My camera battery is full and I have extras charged because the cold drains the power. I slot in a new memory card and head into the snow, searching for the right composition before the lights appear.
These days, a photo of the aurora isn’t enough. Millions of shots have been taken before mine. In an oversaturated online world, there’s pressure to capture something in a way that will stop someone scrolling. I’m harried as I try to find a good foreground, sensing that the celestial show is about to start. It’s almost like I can feel those energised particles hurtling towards me. I keep looking up as I play with my camera settings and hop from foot to foot in an attempt to keep the blood circulating in my boots, which are a size too small. It’s late and I would be tired if not for the invigorating cold and anticipation.
It starts slowly. No-one is sure if it’s really an aurora — it could just be cloud — but we use our light-sensitive camera sensors to check. A green tinge appears on my LCD screen. It’s beginning. We whoop excitedly but for me and the other avid photographers, the clock is ticking. We must capture it. Phone cameras are fogging up. The settings I’d decided on in my earlier research aren’t working properly because I hadn’t taken the full moon into account. The cold air seems to be creating an artefact on someone else’s sensor. But we rush to get our photos because there’s no way of knowing if the aurora will last for five minutes or 50. I can see a streak of green moving across the sky, but it’s faint compared with the view from my camera’s sensor, and I end up taking in the divine spectacle on my three-inch camera screen. I snap away, photo after photo, consumed by a hunger to preserve this moment —to immortalise it — until the light finally fades away.
Gere asks if I will be in one of his photos. I joke that the second I leave my camera the aurora will return, more vivid than I’d seen it, but I navigate the thick snow, climbing to the top of a hill for a good composition. And sure enough, the lights reappear, much brighter than before. I’m disappointed to be without my camera but until Gere releases me, I am free to view the show with my naked eye. And so I finally see it as it has been seen for thousands of years. I watch the light snake across the sky, weaving back and forth to an interstellar tune. Without the light of my camera screen, my eyes become more sensitive and the aurora appears more intense. While I feel slightly nervous, as if I owe my camera these photos, I appreciate this moment of being present.
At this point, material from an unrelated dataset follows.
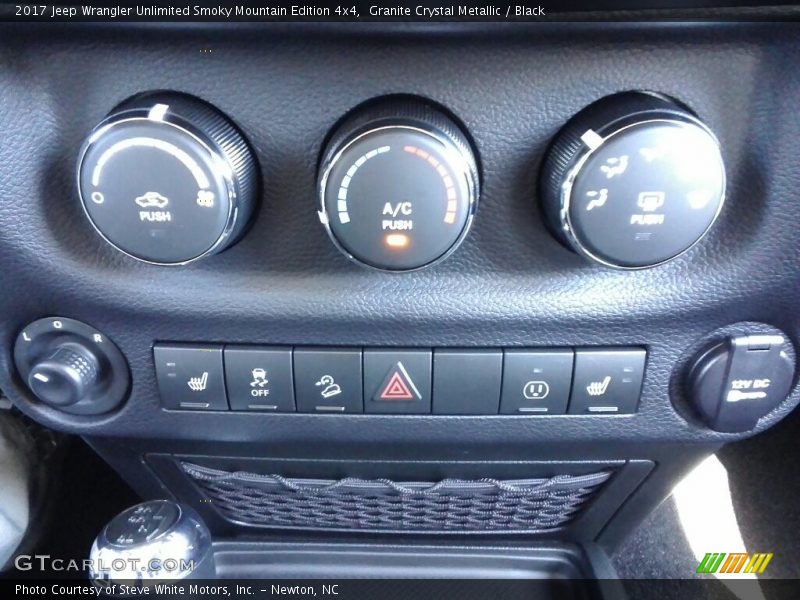 Granite Crystal Metallic / Black 2017 Jeep Wrangler Unlimited Smoky Mountain Edition 4x4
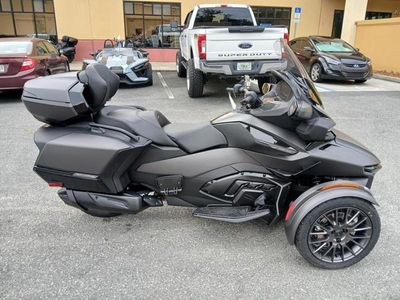 2026 Can-Am Spyder RT Limited Dark — engine compartment view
When I return to Perth, I make my way through the images. I am thankful for every photograph, appreciating the memories they hold of this spectacular trip. And yet, weeks later, I am reminded of the sacrifice they entail. At a concert, I watched as a front-row fan exploded with excitement at hearing a favourite song; instinctively, he pulled out his phone and proceeded to film the entire performance. It reminded me of my own recent fan-girl experience. Why is it that, in these pinnacle moments of our lives, we choose to step outside them? In our pursuit to preserve them for our future self, we inadvertently detach ourselves from the experience and diminish our ability to recall it later.
As I edit my photos, I repeatedly relive the exhilarating moment of watching the sky come to life, a reminder of the smallness of my existence and the magnetic connection between the sun and the Earth. And yet the memory that remains clearest in my mind is the one I didn’t capture.